Beethoven había sido impresionado por los Conciertos pianísticos de la madurez de Mozart y muy en particular por el nº 20, en Re menor, pero tan cierto es que el modelo mozartiano actuó en la mente de Beethoven al abordar sus Conciertos pianísticos, como que un nuevo espíritu musical y una firme voluntad de manifestarse con lenguaje propio son detectables en cada uno de ellos: en los dos primeros con alguna timidez, pero ya contundentemente en este Concierto en Do menor, el tercero, obra de pletórica madurez y uno de los prototipos que cabe mostrar de la segunda etapa o “etapa heroica” del genial compositor, a la que pertenecen las tres partituras que integran este programa.

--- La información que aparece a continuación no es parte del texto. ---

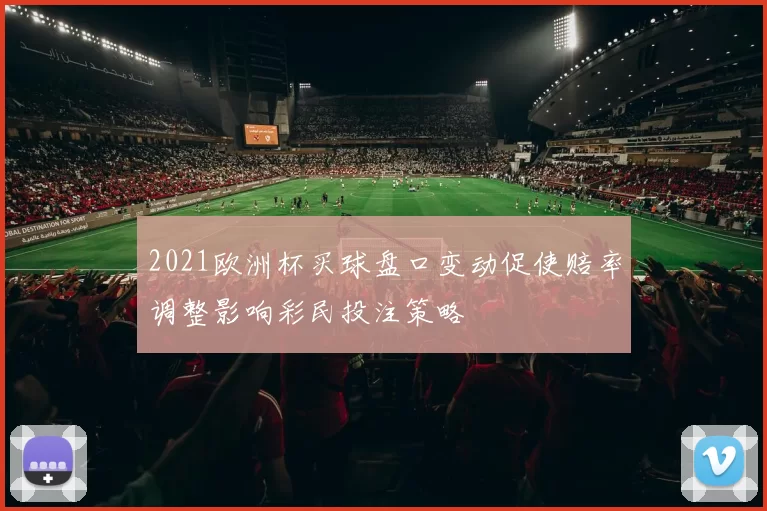 2021欧洲杯买球盘口变动促使赔率调整影响彩民投注策略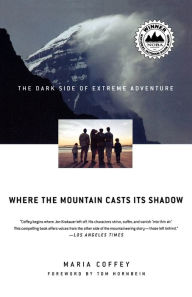 Title: Where the Mountain Casts Its Shadow: The Dark Side of Extreme Adventure, Author: Maria Coffey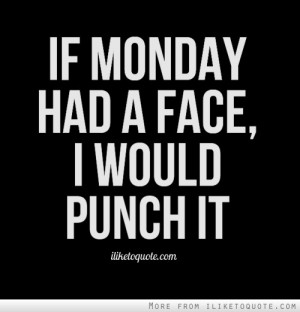 If Monday had a face, I would punch it.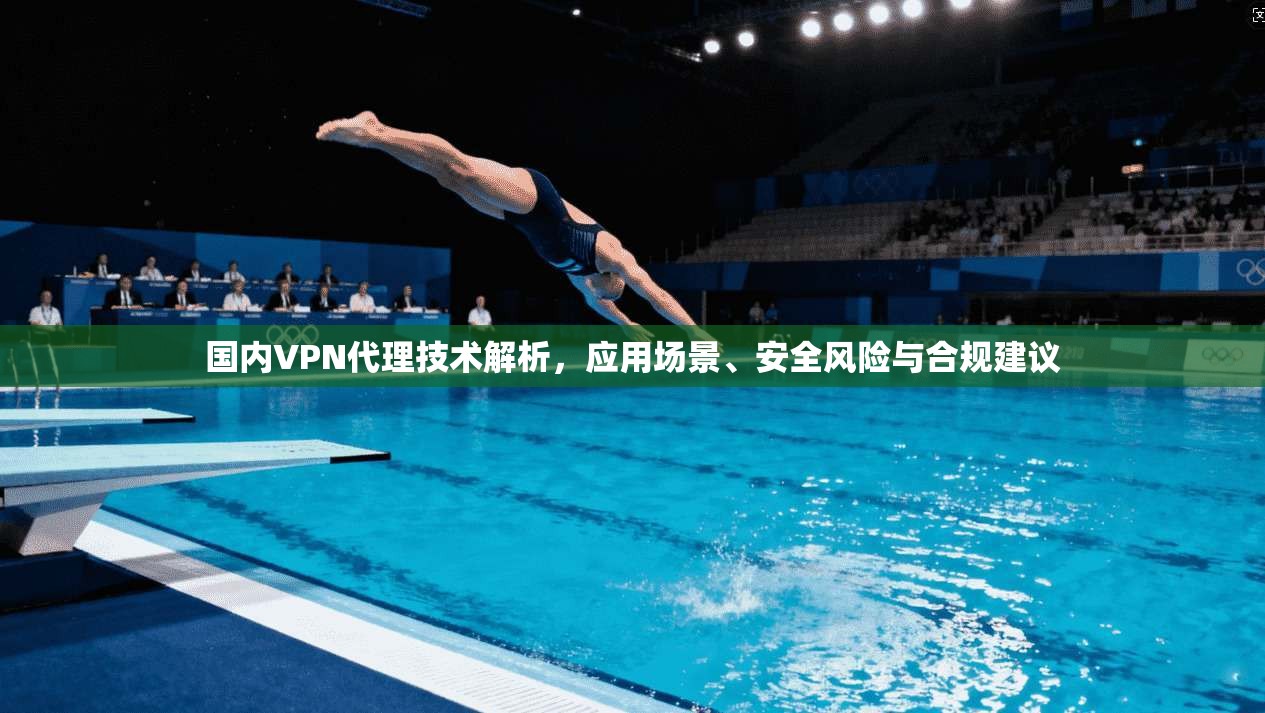 国内VPN代理技术解析，应用场景、安全风险与合规建议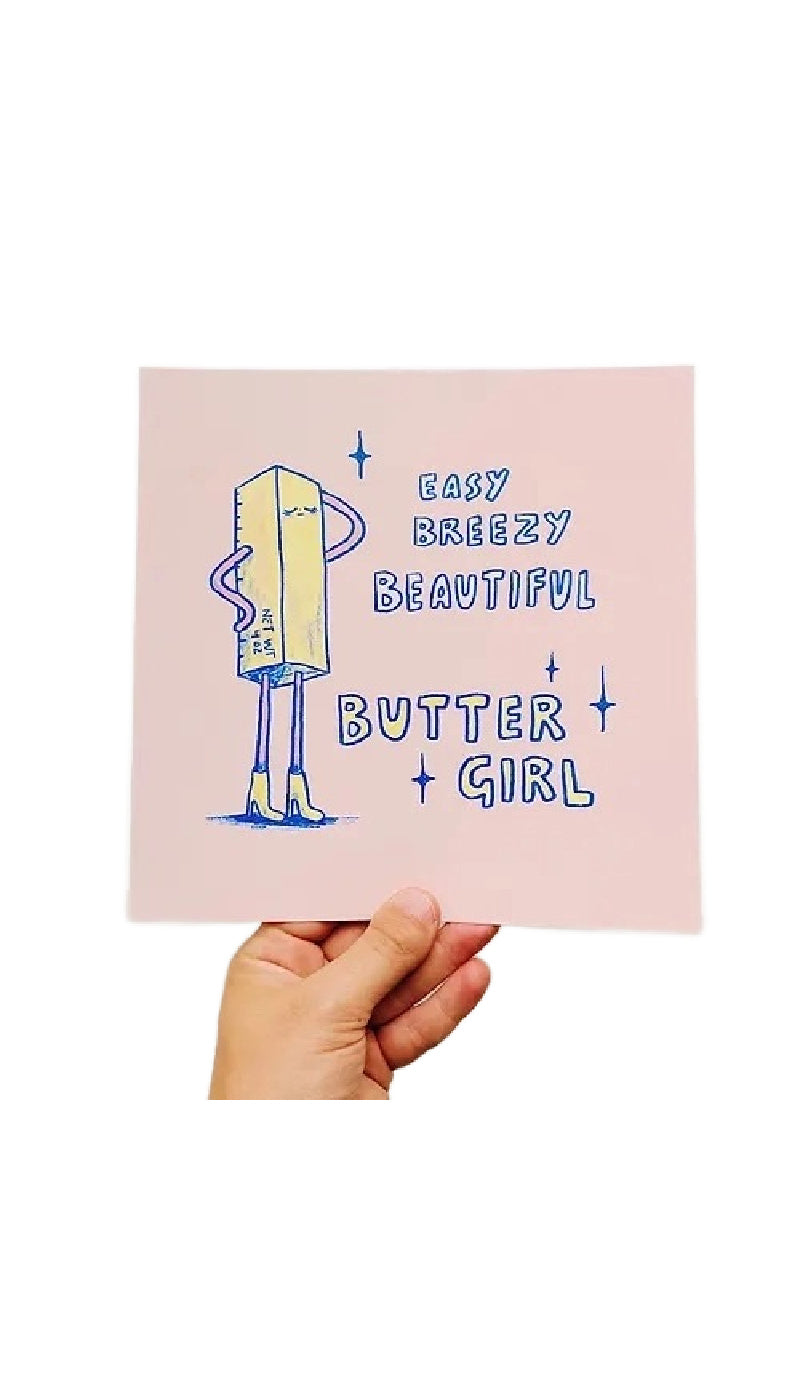 Butter Girl Print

Así es detectable desde el mismo arranque de la obra, con un excepcional tema cuyo enérgico perfil -aunque sea enunciado inicialmente en piano– nos sitúa ante el Beethoven trascendente y heroico. Una idea melódica de trazo más suave actúa como segundo tema en este movimiento que supone una anchurosa concepción de la forma sonata, con exposición doble (primero la orquesta sola y luego con el piano solista), el consiguiente desarrollo, la recapitulación, la cadencia a cargo del solista y una vigorosa Coda sobre el diseño del primer tema.

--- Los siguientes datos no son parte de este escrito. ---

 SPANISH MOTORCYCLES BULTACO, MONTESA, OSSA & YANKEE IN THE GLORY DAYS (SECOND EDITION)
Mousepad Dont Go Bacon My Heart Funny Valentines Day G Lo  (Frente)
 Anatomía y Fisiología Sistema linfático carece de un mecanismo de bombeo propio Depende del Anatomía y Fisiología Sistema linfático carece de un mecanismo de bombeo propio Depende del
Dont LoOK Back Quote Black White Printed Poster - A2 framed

Los acentos líricos marcan el inefable tiempo lento, un Largo en forma ternaria, con romántica expresividad de nocturno y en el cual el protagonismo del piano no impide el lucimiento cantabile de algún instrumento de madera, como la flauta y el fagot. La composición se cierra con el energético, delicioso y hasta (por momentos) arrebatador discurso de un rondó que incluye un pasaje fugato y que, a su final, afirma la tonalidad de Do mayor, versión “positiva” del Do menor inicial, en una nueva manifestación del esquema conceptual de “triunfo tras la lucha”, tan caro a Beethoven. Todo en este Concierto nº 3 es, efectivamente, Beethoven en estado puro y el conjunto se traduce en una contundente obra maestra.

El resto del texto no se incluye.